WHAT IS EXPECTED -
Given the entries that follow, write out exactly the lines starting at the one containing "Color code: RGB 191.1 90.8 32 | qconv.com" and ending at the one containing "Customer request, beautiful outcome.", both ends included, and only those.

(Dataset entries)
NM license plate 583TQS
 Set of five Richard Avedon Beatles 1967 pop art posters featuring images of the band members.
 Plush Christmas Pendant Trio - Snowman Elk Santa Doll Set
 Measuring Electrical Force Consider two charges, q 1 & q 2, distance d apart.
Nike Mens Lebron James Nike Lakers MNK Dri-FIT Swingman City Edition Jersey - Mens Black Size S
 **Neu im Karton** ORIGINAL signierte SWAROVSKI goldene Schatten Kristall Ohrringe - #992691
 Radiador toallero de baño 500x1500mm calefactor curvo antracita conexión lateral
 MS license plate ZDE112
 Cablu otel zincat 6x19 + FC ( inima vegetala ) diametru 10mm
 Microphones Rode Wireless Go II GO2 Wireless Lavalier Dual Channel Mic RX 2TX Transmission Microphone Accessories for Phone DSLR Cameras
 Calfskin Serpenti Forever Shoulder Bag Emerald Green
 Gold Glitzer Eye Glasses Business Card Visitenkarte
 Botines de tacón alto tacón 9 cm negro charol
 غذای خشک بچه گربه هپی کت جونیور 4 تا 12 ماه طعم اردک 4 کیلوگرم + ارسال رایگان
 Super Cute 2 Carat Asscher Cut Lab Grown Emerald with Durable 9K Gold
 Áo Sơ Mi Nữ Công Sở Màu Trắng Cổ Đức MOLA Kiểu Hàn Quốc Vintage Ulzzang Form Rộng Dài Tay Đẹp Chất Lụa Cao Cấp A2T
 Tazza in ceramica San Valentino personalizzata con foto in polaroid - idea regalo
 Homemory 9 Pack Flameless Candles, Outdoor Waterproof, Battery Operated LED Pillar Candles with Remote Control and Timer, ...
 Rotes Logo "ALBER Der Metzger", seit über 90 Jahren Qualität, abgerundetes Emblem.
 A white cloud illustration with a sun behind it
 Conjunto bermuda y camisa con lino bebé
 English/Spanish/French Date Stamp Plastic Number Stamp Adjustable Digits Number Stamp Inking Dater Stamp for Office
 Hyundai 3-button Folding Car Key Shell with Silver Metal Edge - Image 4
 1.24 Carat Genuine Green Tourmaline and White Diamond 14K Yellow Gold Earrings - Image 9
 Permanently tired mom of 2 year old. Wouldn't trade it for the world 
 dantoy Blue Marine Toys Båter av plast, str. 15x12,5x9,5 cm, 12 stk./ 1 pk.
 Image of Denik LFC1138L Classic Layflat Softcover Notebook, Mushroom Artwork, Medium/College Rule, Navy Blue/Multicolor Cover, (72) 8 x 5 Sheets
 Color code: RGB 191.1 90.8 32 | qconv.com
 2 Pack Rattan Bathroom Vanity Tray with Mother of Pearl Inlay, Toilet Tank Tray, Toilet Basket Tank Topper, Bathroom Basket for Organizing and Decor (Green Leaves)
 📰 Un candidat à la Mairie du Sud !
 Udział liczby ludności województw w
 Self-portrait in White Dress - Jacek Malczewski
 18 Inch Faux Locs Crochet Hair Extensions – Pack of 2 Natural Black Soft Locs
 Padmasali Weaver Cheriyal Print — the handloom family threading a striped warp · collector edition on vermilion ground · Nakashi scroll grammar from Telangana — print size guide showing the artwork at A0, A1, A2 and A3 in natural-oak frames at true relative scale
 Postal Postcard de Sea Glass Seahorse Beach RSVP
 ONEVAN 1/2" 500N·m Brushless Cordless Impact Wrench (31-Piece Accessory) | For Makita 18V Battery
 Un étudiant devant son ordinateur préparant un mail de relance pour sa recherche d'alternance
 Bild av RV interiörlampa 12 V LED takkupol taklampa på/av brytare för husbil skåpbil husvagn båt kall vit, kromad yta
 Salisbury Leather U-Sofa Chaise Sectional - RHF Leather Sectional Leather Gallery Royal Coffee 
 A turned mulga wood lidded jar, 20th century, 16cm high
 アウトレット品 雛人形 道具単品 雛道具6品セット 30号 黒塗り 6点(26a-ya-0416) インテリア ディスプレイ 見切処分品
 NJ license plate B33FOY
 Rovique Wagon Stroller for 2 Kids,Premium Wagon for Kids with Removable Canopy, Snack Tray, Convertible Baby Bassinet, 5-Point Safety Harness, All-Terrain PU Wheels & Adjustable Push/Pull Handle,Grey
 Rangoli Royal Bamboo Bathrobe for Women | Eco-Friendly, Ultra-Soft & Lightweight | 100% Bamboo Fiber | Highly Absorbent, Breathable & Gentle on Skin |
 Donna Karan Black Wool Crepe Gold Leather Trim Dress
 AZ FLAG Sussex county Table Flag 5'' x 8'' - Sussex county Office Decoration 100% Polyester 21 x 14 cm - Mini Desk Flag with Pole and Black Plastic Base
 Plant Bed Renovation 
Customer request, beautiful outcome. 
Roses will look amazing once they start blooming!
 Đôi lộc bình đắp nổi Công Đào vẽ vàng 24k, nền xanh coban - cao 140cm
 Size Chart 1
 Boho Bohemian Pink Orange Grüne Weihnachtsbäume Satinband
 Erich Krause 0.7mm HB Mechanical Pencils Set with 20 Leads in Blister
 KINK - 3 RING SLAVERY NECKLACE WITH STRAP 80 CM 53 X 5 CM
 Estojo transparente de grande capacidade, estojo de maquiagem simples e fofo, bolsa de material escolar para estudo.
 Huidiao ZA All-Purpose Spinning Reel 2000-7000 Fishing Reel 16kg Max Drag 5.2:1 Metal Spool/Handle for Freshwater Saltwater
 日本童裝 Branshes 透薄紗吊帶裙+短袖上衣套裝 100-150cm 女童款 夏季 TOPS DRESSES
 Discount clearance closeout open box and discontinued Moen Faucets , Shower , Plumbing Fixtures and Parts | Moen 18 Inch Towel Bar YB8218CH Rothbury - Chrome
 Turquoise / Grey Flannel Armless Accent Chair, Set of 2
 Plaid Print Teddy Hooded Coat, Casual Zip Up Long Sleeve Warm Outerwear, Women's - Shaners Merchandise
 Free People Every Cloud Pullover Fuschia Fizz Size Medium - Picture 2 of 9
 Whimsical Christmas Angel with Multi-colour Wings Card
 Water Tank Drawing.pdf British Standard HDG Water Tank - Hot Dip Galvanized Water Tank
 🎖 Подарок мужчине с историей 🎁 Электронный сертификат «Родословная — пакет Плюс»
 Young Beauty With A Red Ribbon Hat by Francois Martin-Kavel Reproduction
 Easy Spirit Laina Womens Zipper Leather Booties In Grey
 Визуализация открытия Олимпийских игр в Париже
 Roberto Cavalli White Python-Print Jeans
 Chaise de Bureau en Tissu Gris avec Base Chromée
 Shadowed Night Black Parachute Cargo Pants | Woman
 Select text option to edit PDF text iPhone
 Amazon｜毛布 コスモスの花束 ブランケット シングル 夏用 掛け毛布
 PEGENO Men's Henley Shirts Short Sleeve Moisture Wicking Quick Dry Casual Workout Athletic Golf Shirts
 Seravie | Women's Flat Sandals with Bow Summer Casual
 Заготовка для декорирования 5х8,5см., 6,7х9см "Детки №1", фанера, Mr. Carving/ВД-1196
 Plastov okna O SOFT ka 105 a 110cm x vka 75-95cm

WRITTEN ANSWER -
 Color code: RGB 191.1 90.8 32 | qconv.com
 2 Pack Rattan Bathroom Vanity Tray with Mother of Pearl Inlay, Toilet Tank Tray, Toilet Basket Tank Topper, Bathroom Basket for Organizing and Decor (Green Leaves)
 📰 Un candidat à la Mairie du Sud !
 Udział liczby ludności województw w
 Self-portrait in White Dress - Jacek Malczewski
 18 Inch Faux Locs Crochet Hair Extensions – Pack of 2 Natural Black Soft Locs
 Padmasali Weaver Cheriyal Print — the handloom family threading a striped warp · collector edition on vermilion ground · Nakashi scroll grammar from Telangana — print size guide showing the artwork at A0, A1, A2 and A3 in natural-oak frames at true relative scale
 Postal Postcard de Sea Glass Seahorse Beach RSVP
 ONEVAN 1/2" 500N·m Brushless Cordless Impact Wrench (31-Piece Accessory) | For Makita 18V Battery
 Un étudiant devant son ordinateur préparant un mail de relance pour sa recherche d'alternance
 Bild av RV interiörlampa 12 V LED takkupol taklampa på/av brytare för husbil skåpbil husvagn båt kall vit, kromad yta
 Salisbury Leather U-Sofa Chaise Sectional - RHF Leather Sectional Leather Gallery Royal Coffee 
 A turned mulga wood lidded jar, 20th century, 16cm high
 アウトレット品 雛人形 道具単品 雛道具6品セット 30号 黒塗り 6点(26a-ya-0416) インテリア ディスプレイ 見切処分品
 NJ license plate B33FOY
 Rovique Wagon Stroller for 2 Kids,Premium Wagon for Kids with Removable Canopy, Snack Tray, Convertible Baby Bassinet, 5-Point Safety Harness, All-Terrain PU Wheels & Adjustable Push/Pull Handle,Grey
 Rangoli Royal Bamboo Bathrobe for Women | Eco-Friendly, Ultra-Soft & Lightweight | 100% Bamboo Fiber | Highly Absorbent, Breathable & Gentle on Skin |
 Donna Karan Black Wool Crepe Gold Leather Trim Dress
 AZ FLAG Sussex county Table Flag 5'' x 8'' - Sussex county Office Decoration 100% Polyester 21 x 14 cm - Mini Desk Flag with Pole and Black Plastic Base
 Plant Bed Renovation 
Customer request, beautiful outcome. 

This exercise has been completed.